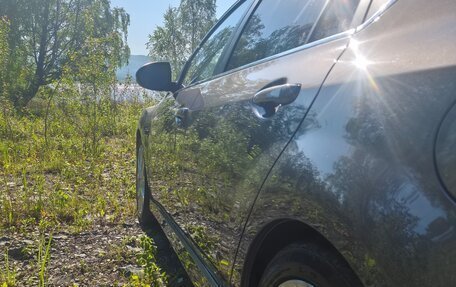 Mazda 6, 2008 год, 950 000 рублей, 14 фотография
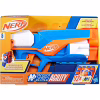 Игрушечное оружие Hasbro Бластер Nerf N Series Agility (F8629) - Image 4
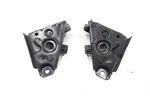 88-97 Jaguar XJ6 XJ12 X300 Front Left -right Set Hood Bonnet Latch Lock HNA2401. Fixed Price $95.00.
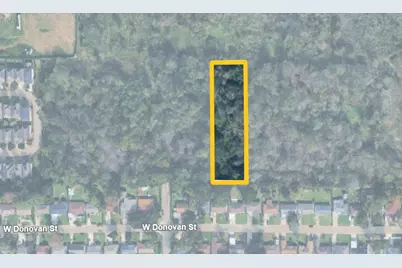 0 Neiman Road, Houston, TX 77091 - Photo 1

**What you will do**
Set down the full listing above with its wording unchanged. Leave out its images.

**Exercise result**
 Mazda 6, 2008 год, 950 000 рублей, 14 фотография
 Игрушечное оружие Hasbro Бластер Nerf N Series Agility (F8629) - Image 4
 88-97 Jaguar XJ6 XJ12 X300 Front Left -right Set Hood Bonnet Latch Lock HNA2401. Fixed Price $95.00.
 0 Neiman Road, Houston, TX 77091 - Photo 1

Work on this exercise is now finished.